Apart from the margin of error in each of those factors, this method assumes that all miners are representative of the grid mix in their jurisdictions. This is not so – miners tend to concentrate around lower-cost sources since energy is their main continuing expense, which skews the relevant mix. What’s more, miners increasingly co-locate with energy producers to reduce waste and take advantage of stranded power.

And the representative geographical mix was based on out-of-date information. Kazakhstan, for example, is given as one of the top-three global mining jurisdictions. That may have been the case in 2021, but today, there are very few Bitcoin miners in Kazakhstan, as the industry was hit by repeated internet outages, energy shortages and regulatory barriers.

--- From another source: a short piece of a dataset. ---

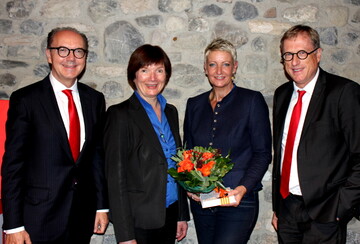 Fr gute Stimmung auf dem Agrar-Forum in Wolfegg sorgte der erfrischende Vortrag von Mentalbuerin Elke Pelz-Thaller (2.v.r.). Im Bild (links) Heinz Pumpmeier, Vorsitzender des Vorstands der Kreissparkasse Ravensburg; Eva-Maria Meschenmoser, Erste Landesbeamtin im Kreis Ravensburg und Norbert Martin, stellvertretender Vorsitzender der KSK.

And yet, we are told, in a scientific journal, that each Bitcoin transaction consumes enough water to fill a small swimming pool. This is supposed to shock us because obviously (!?) a swimming pool is more useful, and the implication is that more Bitcoin transactions means that fewer people would be able to enjoy aquatic recreation.

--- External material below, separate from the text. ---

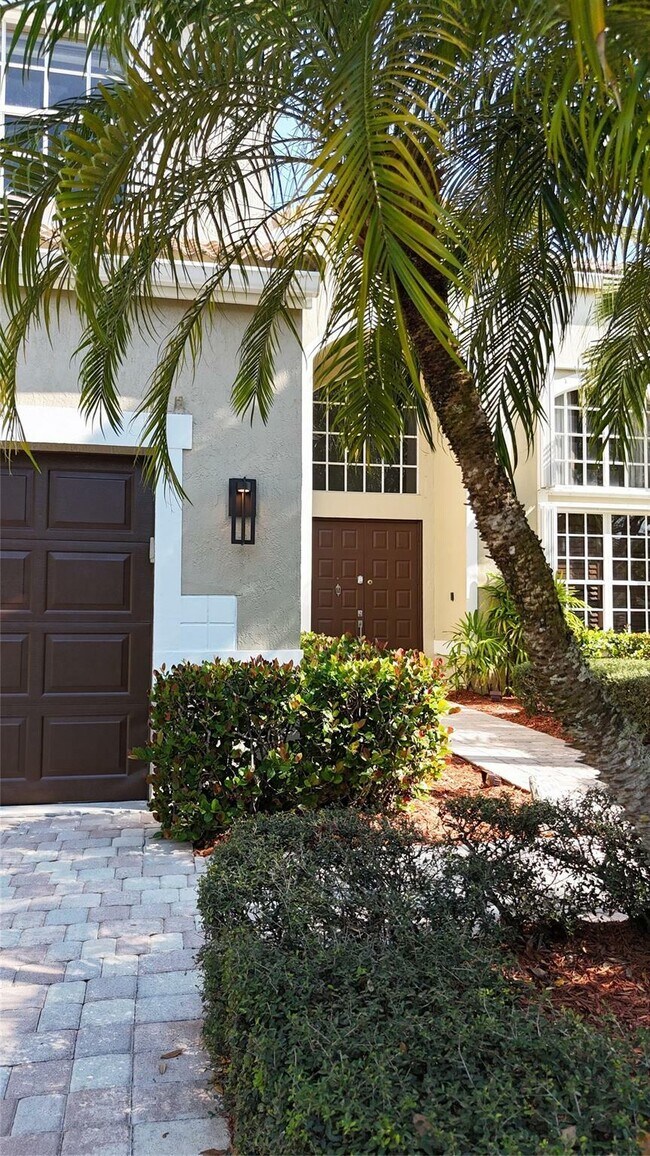 Building Photo - 6733 NW 81st Ct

Who are the real culprits?

Just when I think my disappointment with mainstream media has reached its peak, I find that there are always new heights to scale. The media handling of de Vries’ comment has been egregious.

Almost all the publications that picked up this article repeated the claims verbatim, without questioning the source of the data or the author’s track record (de Vries has a history of making predictions which end up being off by eye-watering orders of magnitude).

Some media sources blatantly misstated fact – the BBC, for instance, conflated “payment” with “transaction” in their headline. Futurism led with “The Average Bitcoin Transaction Wastes a Full Swimming Pool of Water, Scientists Say” – note the use of the words “waste” and “scientists.” The Independent chose the unhelpfully vague “Bitcoin consumes as much water as all the baths in Britain, study claims.” Pretty much all reporting confused “study” with “comment” – the former tends to be peer reviewed, the latter hardly ever. This is either lazy or intentionally misleading.

Mercifully, a handful of eloquent individuals with a hard-won understanding of Bitcoin mining and climate issues have sprung into action, detailing the errors. If you don’t already, I strongly recommend following Daniel Batten and Magdalena (Mags) Gronowska on X – two analysts with plenty of industry experience who have done the relevant research without bias and have understood the potential.

Like I said above, it’s up to all of us now to fight back on this. It shouldn’t be hard, in that facts are on our side. It will require a lot of effort, though. As we have unfortunately seen over the past few years, the disinformation machine is increasingly powerful, in crypto and many other areas. It’s a worthy struggle, though, not just for Bitcoin but also for science and a pushback against what increasingly looks like a post-truth media environment.